An expert “firmly believes” child-abusing TV presenter Jimmy Savile was linked to Islington’s notorious paedophile scandal, following new revelations.

It emerged this week a leading antiques expert from Holloway, who appeared on television with Savile, was a senior member of the Paedophile Information Exchange (PIE) – according to confidential social services reports seen by Radio 4’s Today programme.

Keith Harding, who had a workshop in Hornsey Road for many years, was a guest on a Christmas edition of Jim’ll Fix It to mend a 13-year-old girl’s music box, which her brother says was a “set-up” by the production team.

Dr Liz Davies, who originally blew the whistle on the borough’s paedophile ring, says this, alongside an investigation into an unnamed Islington children’s home launched by the Department for Education (DfE) in March, amounted to proof.

She said: “I firmly believe there was a link between Savile and Islington children’s homes.

“This is just another way he ties in. There is one victim, who is too scared even to talk to me, who remembers being driven round the borough by Savile in a taxi. So much paedophilia was going on in the borough at the time. PIE was very much based here, and another international paedophile ring was in Davenant Road [Upper Holloway].

“There was a culture of it at the time.

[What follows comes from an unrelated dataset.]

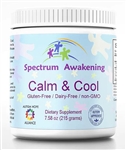 Spectrum Awakening - Calm & Cool - 215 grams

A lot of it was very overt, and they were furiously infiltrating the libertarian and gay rights moments, of which there were lots in Islington.”

Harding, who died in June, was said to have been convicted of indecent assault against four children aged eight and nine in the late 1950s and was a “schedule 1” offender – meaning his convictions remained on his police file for life.

Dr Davies said: “I just wish I had known he was at that workshop for all those years.

“I knew nothing about him, although he was very upper class and mixed in those sorts of circles. I haven’t had any reports of Islington children being taken to his address.

“I’d like to know who in Islington knew him and did have contact with him?

“We found out a couple of years before he died. It’s such a shame it takes so long because now he will never face the music.”

A spokesman for the DfE said the Savile investigations, including relating to the Islington children’s home, were expected to be published in January.